Recreating the bone-in fried chicken thighs that Chef Masahiro Kasahara's father made for his birthday. The juicy meat and crispy skin are exquisite, a dish filled with childhood memories. Served with a special salad and dressing, this is a special fried chicken you can enjoy at home, filled with family warmth.
Ingredients
Main Ingredients (4 servings)
- Bone-in Chicken Thighs 4 pcs
- Cabbage 1/6 head
- Red Onion 1/2
- Cucumber 1/2
- Lettuce 1/2 head
- Potato Starch 6 tbsp
- All-Purpose Flour 3 tbsp
- Lemon (to taste)
- Vegetable Oil (for frying)
Seasonings
- [A] Sugar 1 tbsp
- [A] Salt 1 tsp
- [A] White Pepper (to taste)
- [B] Soy Sauce 2 tbsp
- [B] Cooking Sake (Rice Wine) 2 tbsp
- [B] Grated Ginger 1 tsp
- [D] Mayonnaise 3 tbsp
- [D] Ketchup 2 tbsp
- [D] Sugar 1 tsp
- [D] Light Soy Sauce 1 tsp
- [D] Vinegar 1 tbsp
- [D] Vegetable Oil 1 tbsp
- [D] Tabasco (a few drops)
Steps
- Trim excess skin from 4 bone-in chicken thighs.

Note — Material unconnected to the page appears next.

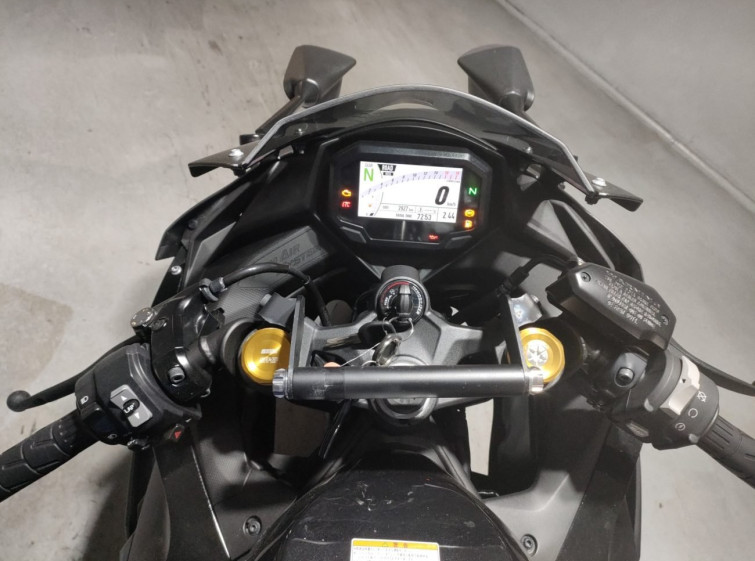 Мотоцикл Kawasaki NINJA ZX-4R SE с пробегом 2926 km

- Make cuts on both sides of the bone in the chicken to ensure even cooking and flavor penetration.
- Pierce the skin of the chicken multiple times with a fork.
- Season the chicken with 1 tbsp sugar, 1 tsp salt, and white pepper to taste. Rub thoroughly until the salt and sugar particles dissolve. (Secret Tip!) Sugar helps keep the meat moist, so rub until it's completely dissolved.
- Further season with 2 tbsp soy sauce, 2 tbsp cooking sake (rice wine), and 1 tsp grated ginger. Focus on rubbing into the meat portions.
- Cover the chicken tightly with plastic wrap, pressing out any air, and let it marinate in the refrigerator for at least 1 hour.
- Finely shred 1/6 head of cabbage, thinly slice 1/2 red onion, diagonally slice 1/2 cucumber, and tear 1/2 head of lettuce into small pieces by hand.
- Combine all the cut vegetables in water, drain thoroughly, and chill in the refrigerator.
- In a shallow dish, combine 6 tbsp potato starch and 3 tbsp all-purpose flour, mixing well to create an even coating.
- In a bowl, combine 3 tbsp mayonnaise, 2 tbsp ketchup, 1 tsp sugar, 1 tsp light soy sauce, 1 tbsp vinegar, 1 tbsp vegetable oil, and a few drops of Tabasco. Mix well to create the dressing. (Secret Tip!) Omit the Tabasco if serving to children.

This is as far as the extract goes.